Before you head to the studio, is there anything you do to prepare or get in the right headspace?
I like to have everything out the way before I start on something new, little things like cleaning up or watering the plants. I find it difficult to focus if I’ve got lots of other things going on so I’ll try and make sure I don’t have anything I need to do for the next few hours.
What’s your creative approach when you’re in the studio? Do you go in with a concept in mind or is it usually an impulsive exercise?
It can vary but it’s probably closer to the latter. When I started producing, I still had my DJ hat on and would try to approach things by combining one track with another. Some ideas still start like that but don’t really end in the same way.

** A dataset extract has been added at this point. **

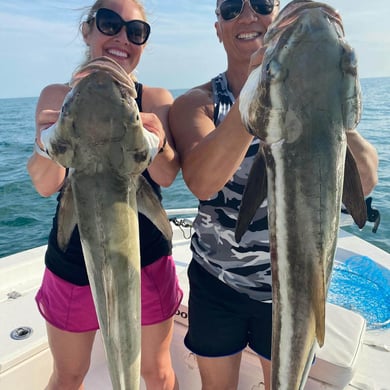 Sarasota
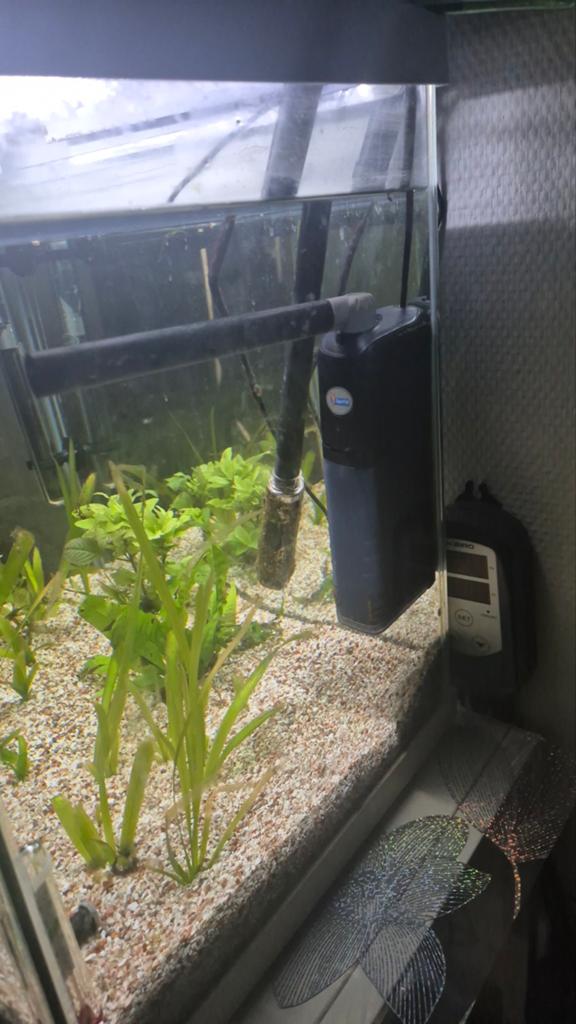 Aquarium, Dieren en Toebehoren, Vissen | Aquariumvissen, Vis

As I’ve got more experienced it’s very much about feel. Whatever I start the track with, whether that be a sample or an idea it must have generated some kind of feeling or emotion in me and I just keep adding to that. Every sound, plugin, melody or bassline after that has to add to that original feeling or increase that level of excitement in a different direction. This is also how I know when something is finished too, when it’s hitting that original feeling perfectly and it feels visceral.

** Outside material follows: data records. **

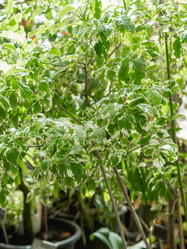 Similar image 21471700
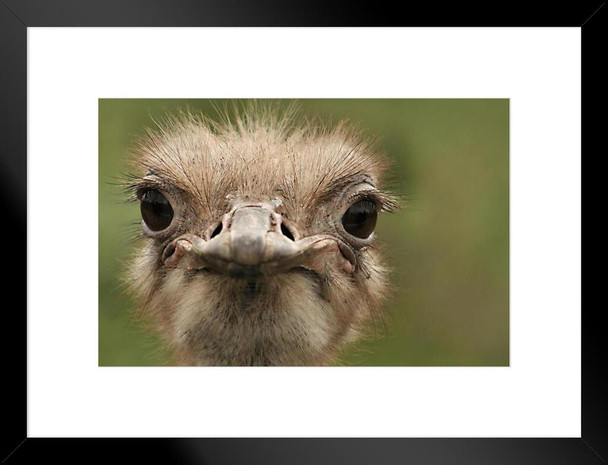 Ostrich Portrait Close Up Photo Large Bird Pictures Wall Decor Beautiful Art Wall Decor Feather Prints Wall Art Nature Africa Wildlife Animal Bird Prints Matted Framed Art Wall Decor 26x20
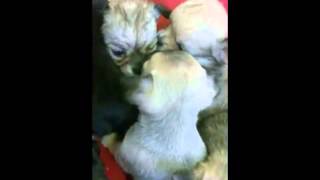 Elevage de chiens de petite taille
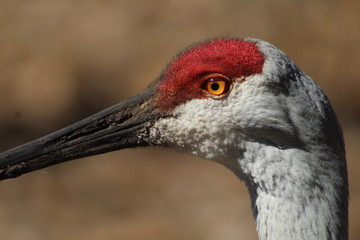 Crane Head 2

I try not to force things, if I’m feeling quite inspired and am coming up with lots of ideas, I’ll keep doing that until I don’t. I try not to get bogged down with the technical aspects at that stage unless it’s important to how the idea is being translated across. I then have a big folder with lots of ideas and I choose the best to finish and then once the arrangement is done I’ll move those into another folder for the final steps of mixing and mastering. So it ends up being 3 phases and each can take up to 2 weeks usually. Sounds quite long but I then end up with a lot done at the end of each cycle and gives me time to properly respect each track.

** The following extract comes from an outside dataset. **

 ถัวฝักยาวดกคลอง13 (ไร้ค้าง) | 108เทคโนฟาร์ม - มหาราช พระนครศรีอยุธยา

Are you someone to labour over a track until every crease is ironed out, or do you prefer a raw, instinctive approach without dwelling too much on something?
I edge more towards detail, especially during the final stages. I actually enjoy that part too, might not make too much of a difference to the listener but I know those details are there. This is just to make sure it feels right but there are no rules obviously.
I made Vera in a couple of hours whilst on a zoom call with some friends and that sounds like one of the most polished things I’ve made.
Where do you go or what do you do when you have writer’s block? Anything to reset the mental hardware?
Usually back to that folder of ideas and work on something new which means I don’t get a block for very long. If that doesn’t work then I’ll try listening to some new music, a mix, go for a walk, anything that gives me a bit of space from the idea. I usually find when I’ve hit a block with something it’s because I’ve lost track of the initial feeling I had, or it’s become a bit confused, and I don’t know what I’m trying to achieve anymore. So space and perspective definitely helps in my case.
What inspires you outside the world of music?
Mainly books, I don’t read as much as I would like to, but I make time for it every week. It’s mainly non-fiction, stuff to do with history, psychology, philosophy or whatever. I think I just like learning overall. I also keep little notes on my phone of interesting words or ideas I pick up on which can sometimes be a starting point for things.
What would you say was the most important piece of kit in the making of your new release, and why?
Apart from the obvious choice of my laptop, it might be my phone. The drums I sampled at home were recorded on there before I had a proper mic. Also just having it as a place to jot down ideas when I’m away from the studio
What else is on the horizon this year that’s getting you excited?
I’ve got a collaborative project coming up with a rapper (Nine Levels) called No Manors which I’m really looking forward to. Gives me another outlet to experiment with, the beats still sound like me but a bit more soulful.
There’s also lots of exciting things planned with Daytimers that I’m looking forward to.